EDF Trading buys Chinese green project developer

LONDON | Tue Jul 27, 2010 10:45am EDT

LONDON (Reuters) - EDF Trading, an arm of France's EDF Energy (EDF.PA), has bought Chinese clean energy project developer Energy Systems International Ltd. (ESIL), the company said in an undated statement on its website.

The terms of the deal were not announced.

ESIL develops projects that generate energy from hydro dams, wind farms and methane from coal mines under the Kyoto Protocol's Clean Development Mechanism (CDM), which awards carbon offsets to companies that fund greenhouse gas cuts in emerging economies.

"This is a significant transaction for EDF Trading as it will enable us to expand our presence in the carbon market as well as provide a strong platform for further development in China," said John Rittenhouse, chief executive of EDF Trading.

EDF is one of the top buyers of CDM offsets, called Certified Emissions Reductions (CERs).

The acquisition means EDF will see a steady stream of offsets from ESIL's 56 projects in China, which it can surrender against its emissions targets under the European Union's Emissions Trading Scheme (EU ETS).

UN data shows 32 of ESIL's projects have been registered under the CDM, with 17 having received 1.35 million CERs as of the end of June.

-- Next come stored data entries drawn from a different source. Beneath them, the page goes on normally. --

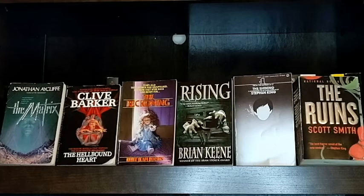Next is The Hellbound Heart by Clive Barker. I just finished this book and it's a very short novella. It starts with a man who gets a box, and the promise is that this box will bring him great pleasure. So he figures out how to open this puzzle box thing, and then these strange people from another dimension come, and it turns out their idea of pleasure is actually pain.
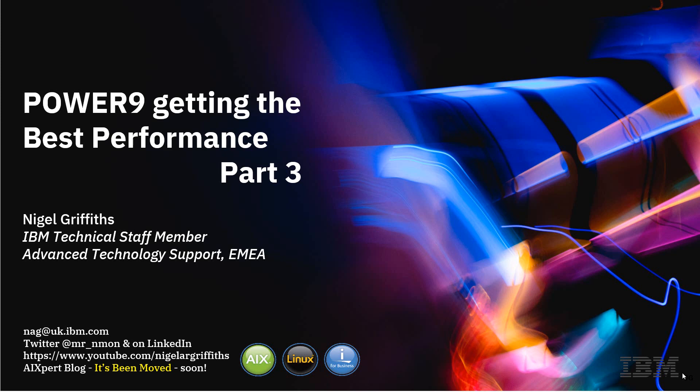Hello, my name is Nigel Griffiths. I work at IBM in the Advanced Technology Support Area in London, UK. We get the first new boxes of any generation out of Austin, Texas, take them all apart, create lots of videos, have a really exciting time, and then we go around telling people about them in social media and the technical universities.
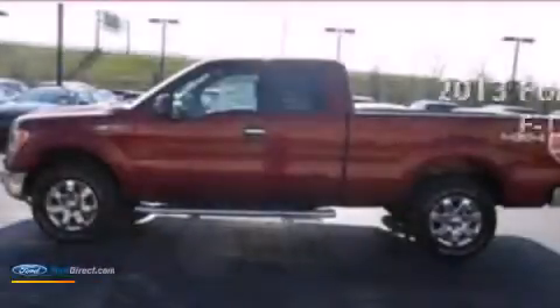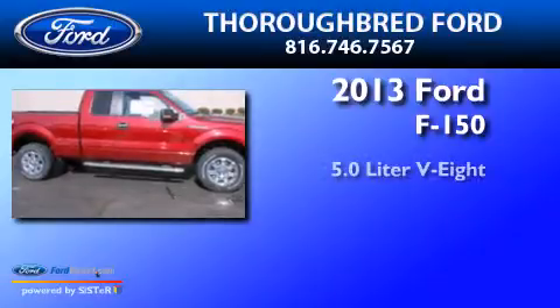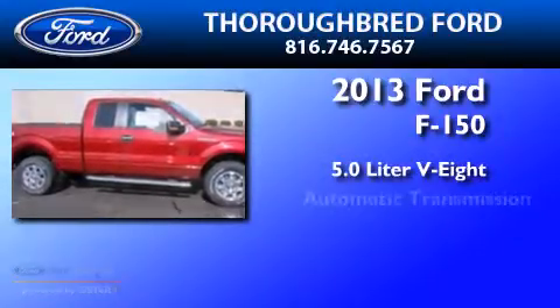This is a brand new 2013 Ford F-150. It has a 5.0-liter eight-cylinder engine and an automatic transmission.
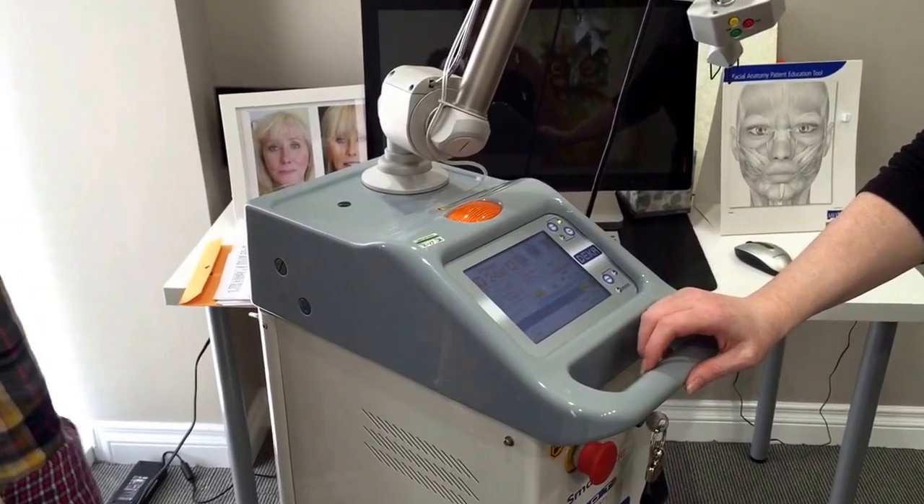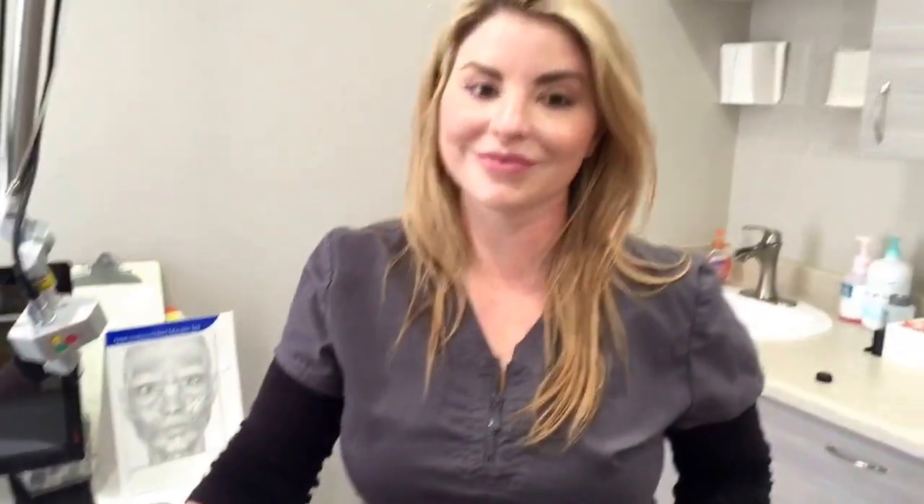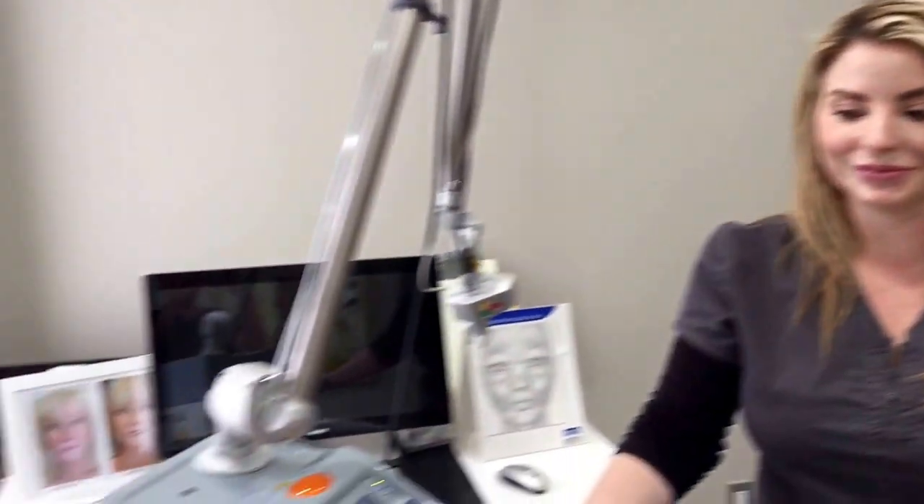It stimulates collagen, tightening and brightening your skin up. CO2 is one of my very favorite treatments. If you have a little bit of downtime, it can really resurface for brown spots, fine lines, wrinkles, and tighten everything up — with a minimal amount of downtime for what you get. I had mine last month and I love it.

ESIL's project portfolio is expected to get 37.5 million CERs for emissions cuts made to the end of 2012, assuming all the projects get approved by the UN.

CERs for immediate delivery currently trade at 11.60 euros ($14.97) per metric ton, though analysts expect prices to climb to over 18 euros a metric ton by 2012.

EDF Trading said ESIL will remain a separate legal entity, which will form part of its Environmental Products business and will be managed out of the company's Singapore office.

This is the latest in a series of acquisitions seeing banks and other EU ETS participants acquire CDM project developers. Barclays Plc (BARC.L) in June bought Sweden-based developers Tricorona, while JP Morgan (JPM.N) last year bought UK-based EcoSecurities.